In the early 1970s Al Rose interviewed people associated with the legal brothels which flourished in New Orleans from 1889 to 1917. He published the results in Storyville, New Orleans: Being an Authentic, Illustrated Account of the Notorious Red Light District (University of Alabama P, 1974). That book inspired a fictionalized account, which became one of the most notorious films of the 1970s. Written by Polly Platt and directed by Louis Malle, Pretty Baby (1978) features Susan Sarandon as a prostitute and 12-year-old Brooke Shields as her precocious daughter. The film has been called both a masterpiece of cinema and a work of child pornography. Many regions have banned it outright, largely because of nude scenes involving the adolescent Shields. Perhaps the oddest situation exists in Ontario, Canada, where the film is barred from movie theatres but has been permitted on television, which is subject to a different set of laws and protocols.
Beautifully filmed, Pretty Baby recounts the life of Violet (Shields) who, raised in a visually stunning Storyville bordello, has no concept of how the rest of the world functions. The photographer Ernest J. Bellocq (Keith Carradine) becomes fascinated with the young girl, and begins photographing her. When Violet's mother leaves with a new husband, the girl begins to see Bellocq as a possible path to a new life. Carradine portrays the enigmatic photographer as a gentle outsider who chooses not to abuse the girl's attentions. The real-life Bellocq was deformed and (possibly) impotent.

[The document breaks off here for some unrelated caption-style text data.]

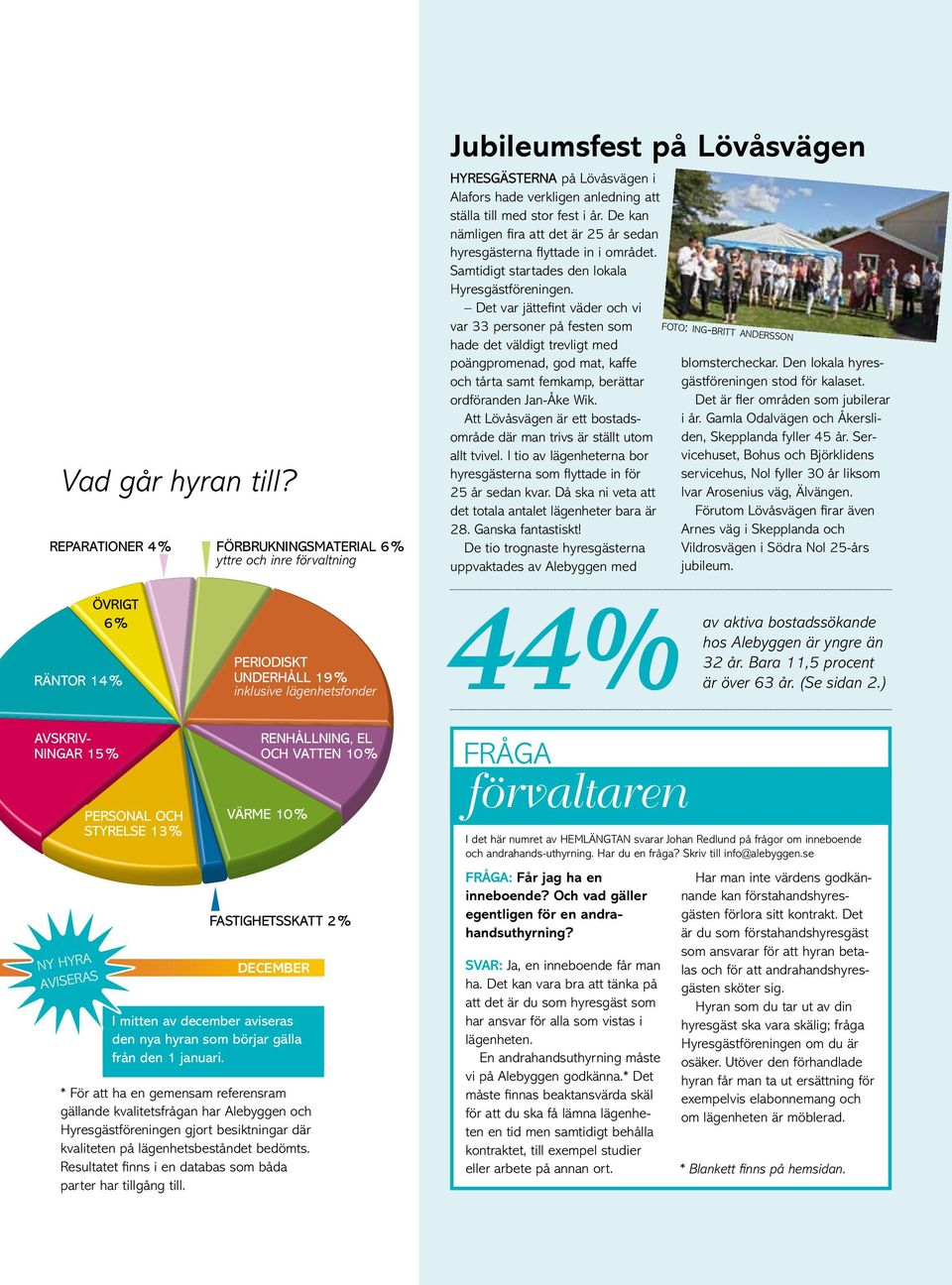 De kan nämligen fira att det är 25 år sedan hyresgästerna flyttade in i området. Samtidigt startades den lokala Hyresgästföreningen.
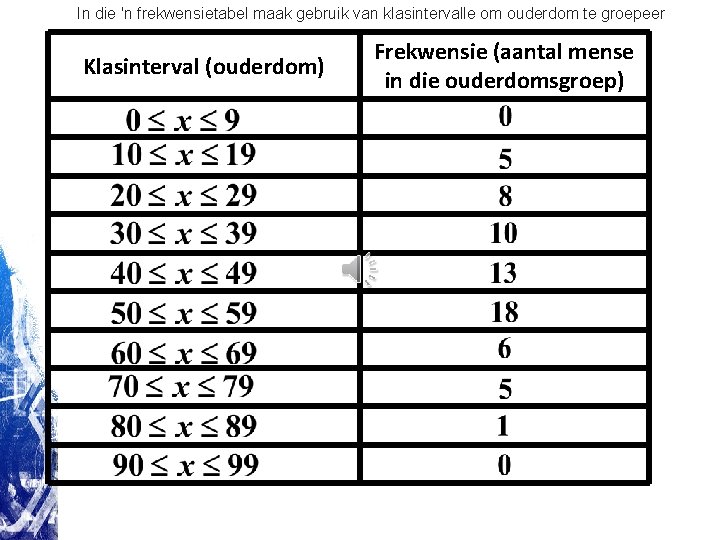 In die 'n frekwensietabel maak gebruik van klasintervalle om ouderdom te groepeer Klasinterval (ouderdom) In die 'n frekwensietabel maak gebruik van klasintervalle om ouderdom te groepeer Klasinterval (ouderdom)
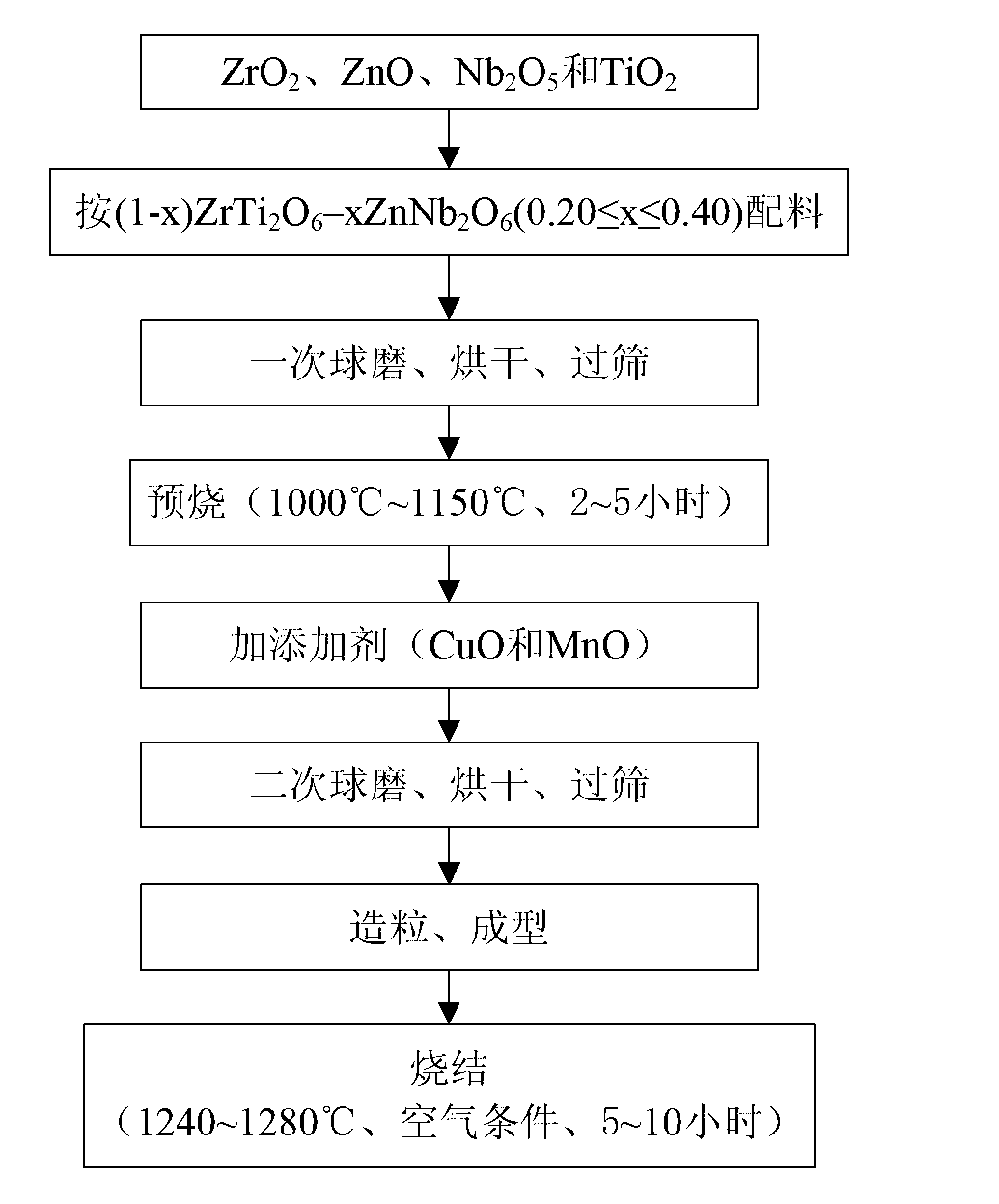 Zr-Ti-based microwave dielectric ceramic material and preparation method thereof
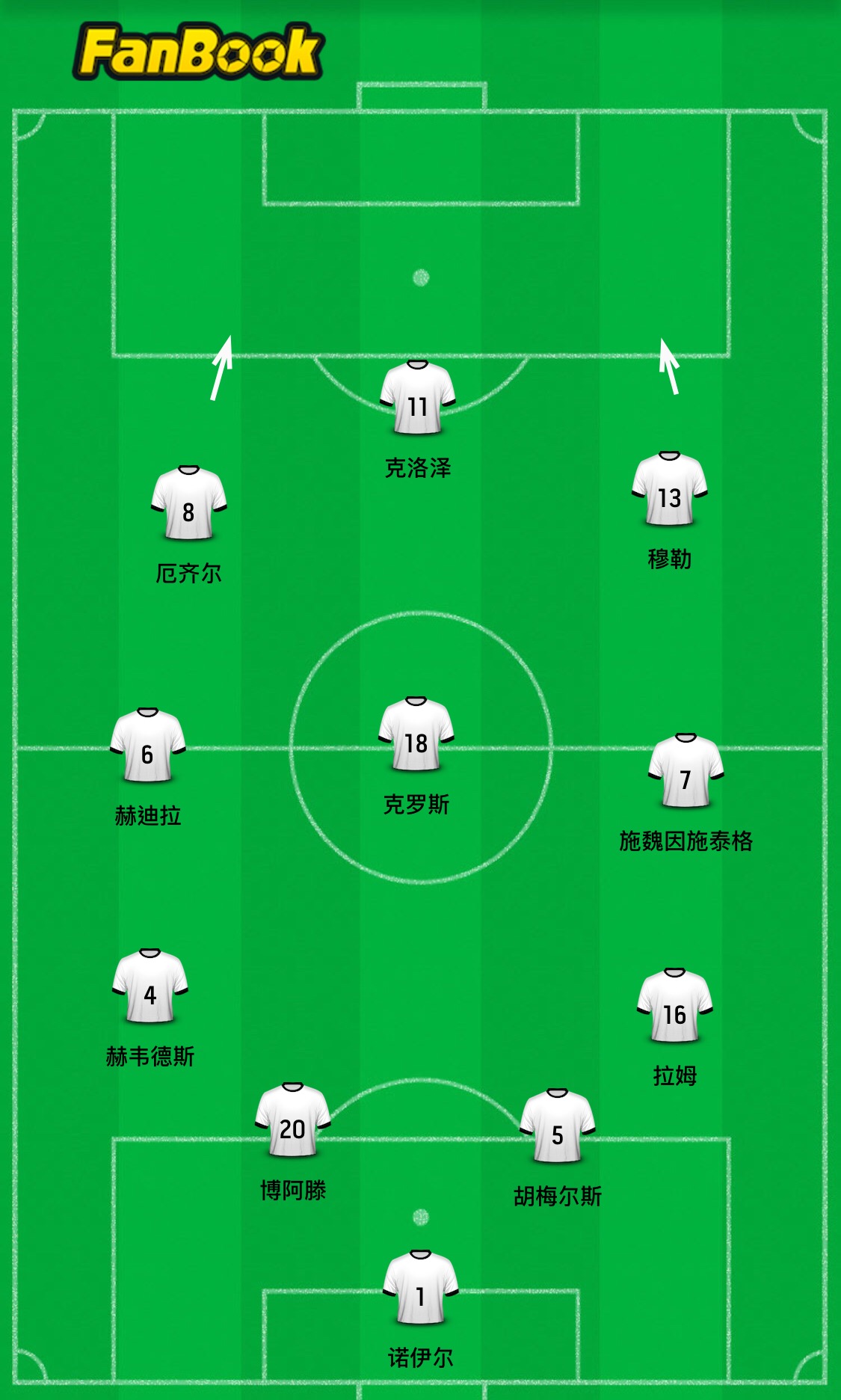 勒夫时代德国队世界杯,勒夫最新比赛消息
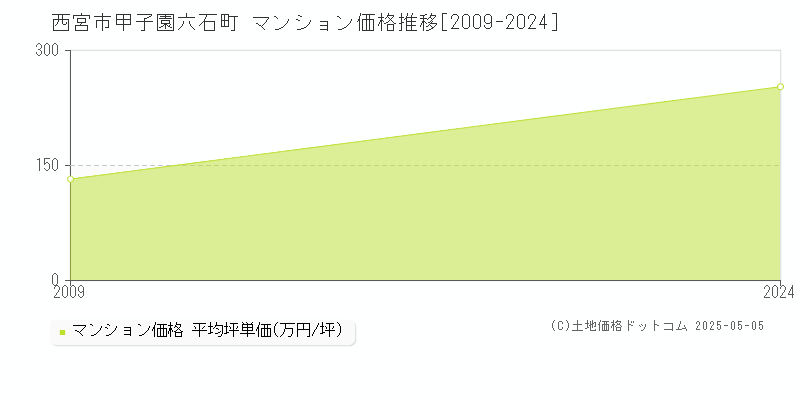 西宮市甲子園六石町のマンション価格推移グラフ 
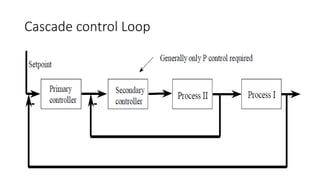 Industrial-instrumentation.pptx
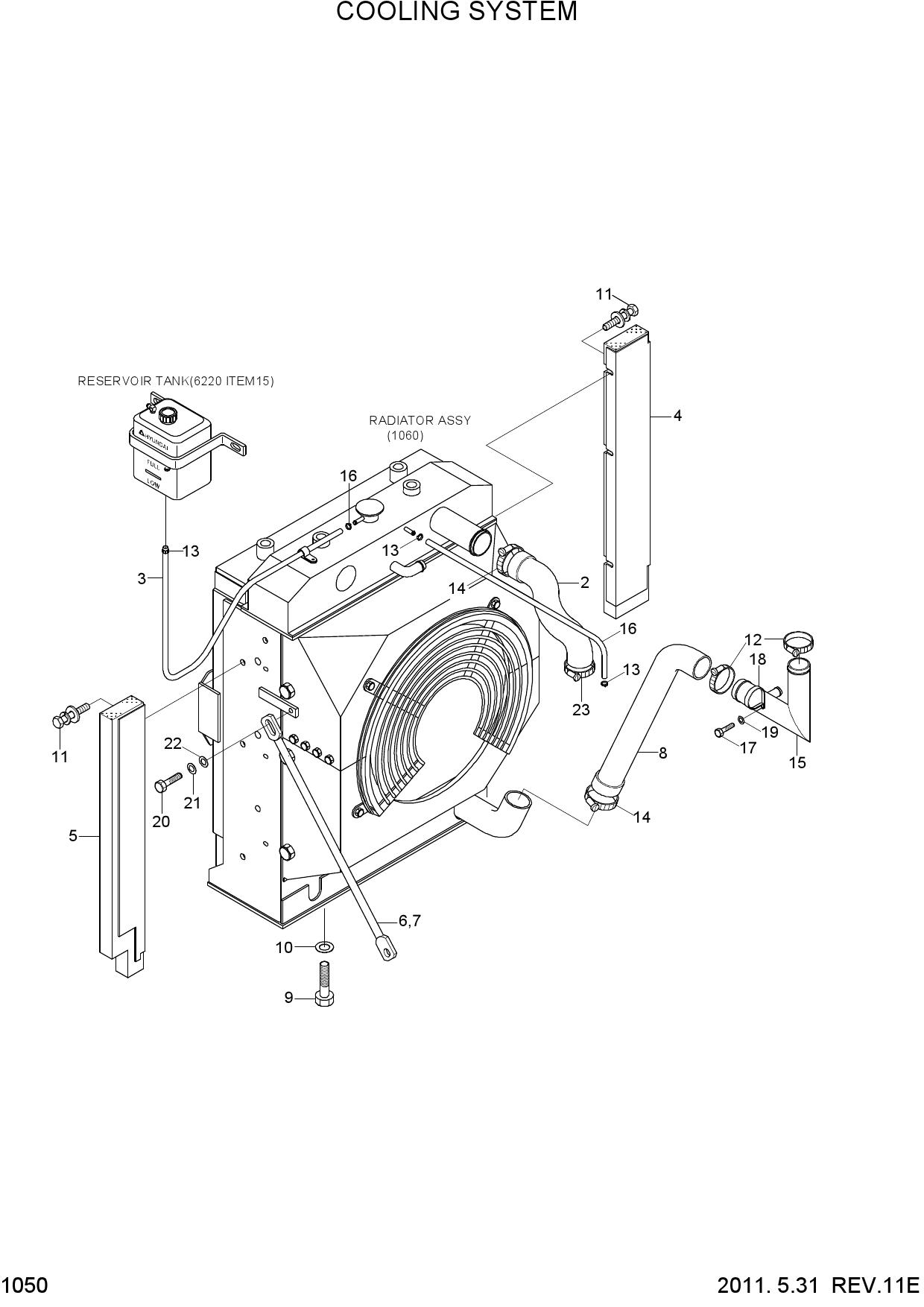 COOLING SYSTEM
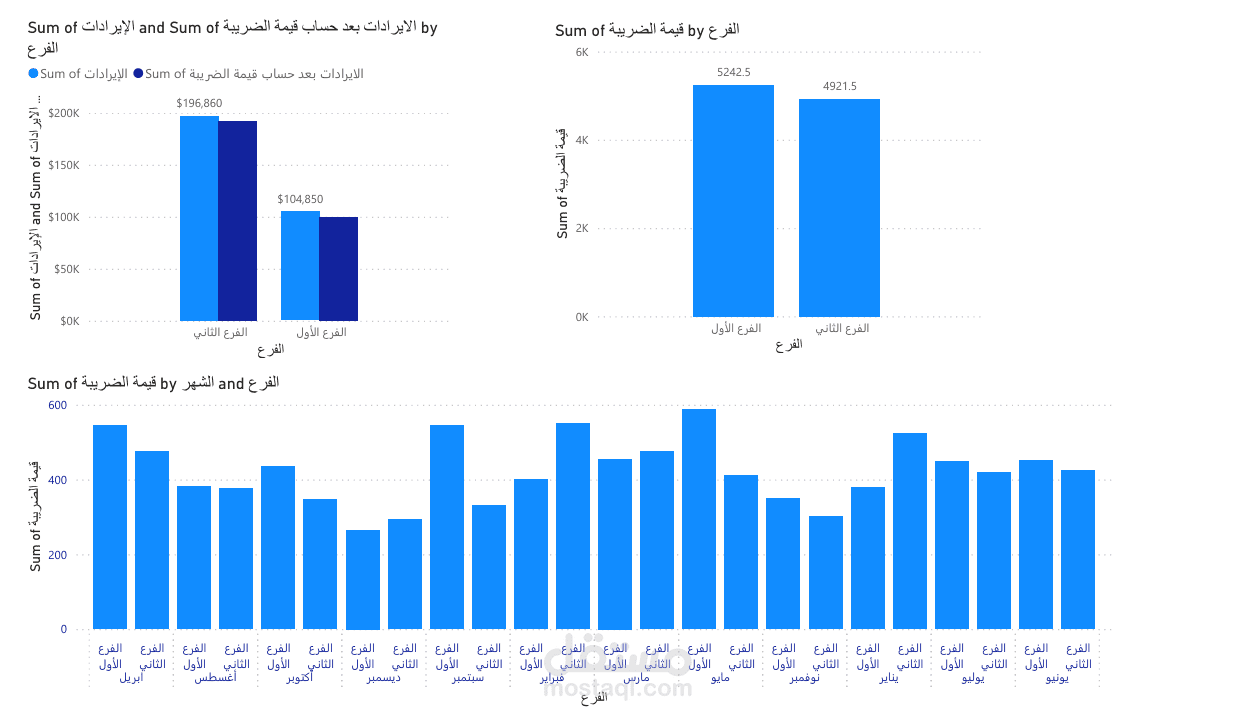 لوحة عرض (dash board) تم عملها باستخدام power bi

Violet's implied sex scenes take place well off-camera, and her nudity (filmed with Shield's mother on-site) does serve a purpose. In the film's earliest sequences, Violet appears made up as a miniature adult, delivering the brothel's messages and preparing the Madame's opium pipe. When she first appears nude, she is taking a bath; she stands up for a potential client to see her. That moment rather dramatically illustrates that, although she has recently reached puberty, she is very much a child. The thought that her virginity will soon be auctioned to the highest bidder strikes the viewer in that instant as terribly shocking.
Of course, the reason for the nudity does not by itself negate criticism. Many people would argue that such scenes, however artistically done, remain improper. The film did not strike me as pornographic, but I have no doubt that it draws pedophiles along with its broader audience, and I would not choose to watch it again.
Pretty Baby, with its ambivalent treatment of the brothel life and uncertain ending, is far from perfect. Its strengths lie in its ability to capture its subjects' inherent uncertainties, including Violet's half-child/half-adult life. Malle also shows us how normal the Red Light District might seem to its inhabitants, and the hypocrisies of a culture which condemned those inhabitants, even while some of its most respectable men used their services. It evokes our own culture, which both criticizes and, through the mass media, revels in the sexualization of childhood and adolescence.
The film will shock many people, but what appears onscreen pales beside the vulgar reality captured in Rose's Storyville, New Orleans.
The adult Brooke Shields has since decried the sexualized treatment she received at a young age.